• Your goal:
In the data below, find the line containing "Homeopathy Write For" and the line containing "Stefan cel Mare", then reproduce them and every line between, exactly. Omit pictures.

• Material supplied:
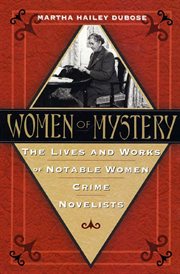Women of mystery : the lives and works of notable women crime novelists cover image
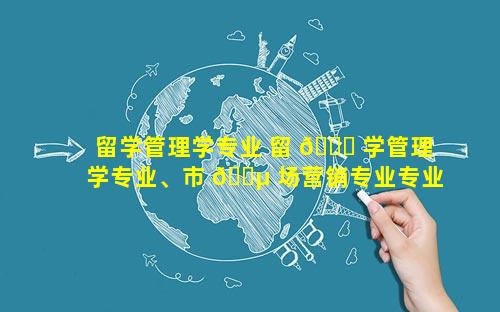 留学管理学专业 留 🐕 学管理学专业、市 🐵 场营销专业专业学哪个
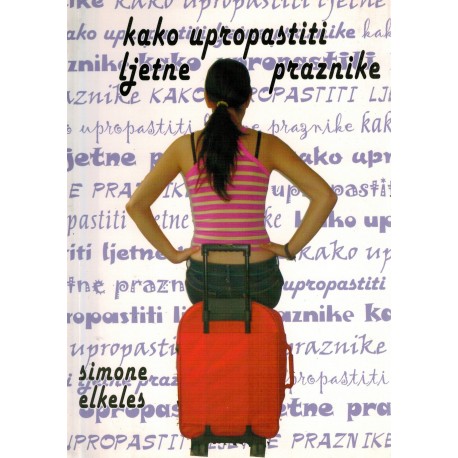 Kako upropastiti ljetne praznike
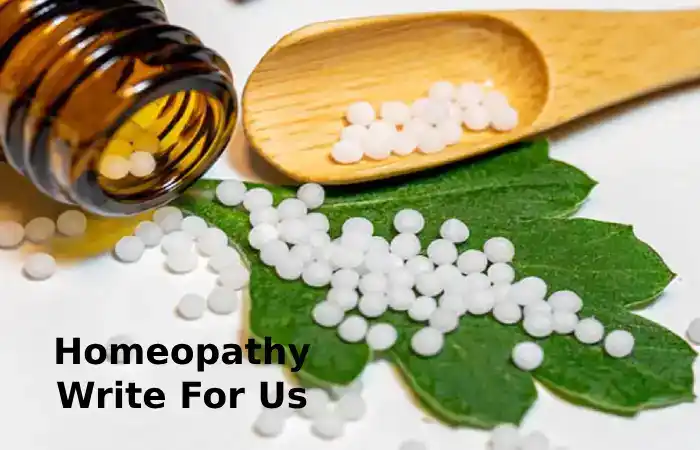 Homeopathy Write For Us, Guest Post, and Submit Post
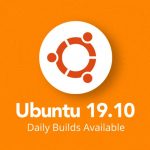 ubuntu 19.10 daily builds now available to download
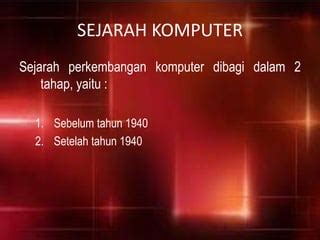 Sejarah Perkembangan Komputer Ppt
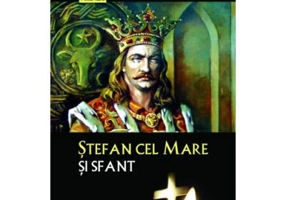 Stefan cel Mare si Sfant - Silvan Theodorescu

==

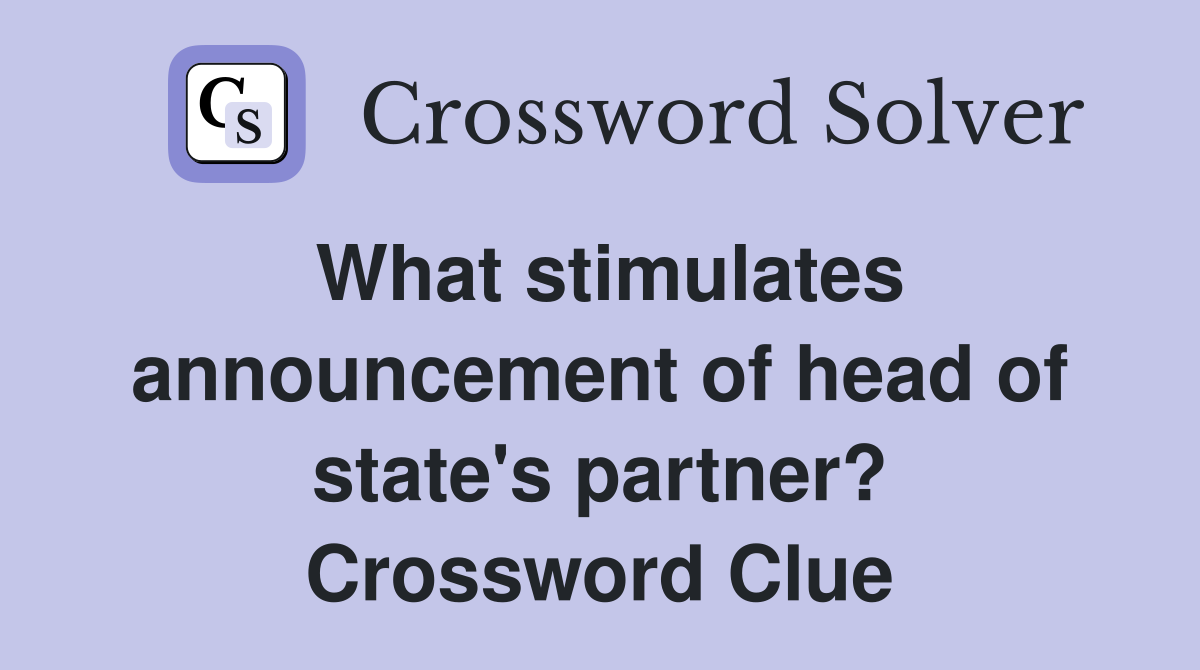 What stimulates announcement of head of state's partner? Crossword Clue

• Solution below:
 Homeopathy Write For Us, Guest Post, and Submit Post
 ubuntu 19.10 daily builds now available to download
 Sejarah Perkembangan Komputer Ppt
 Stefan cel Mare si Sfant - Silvan Theodorescu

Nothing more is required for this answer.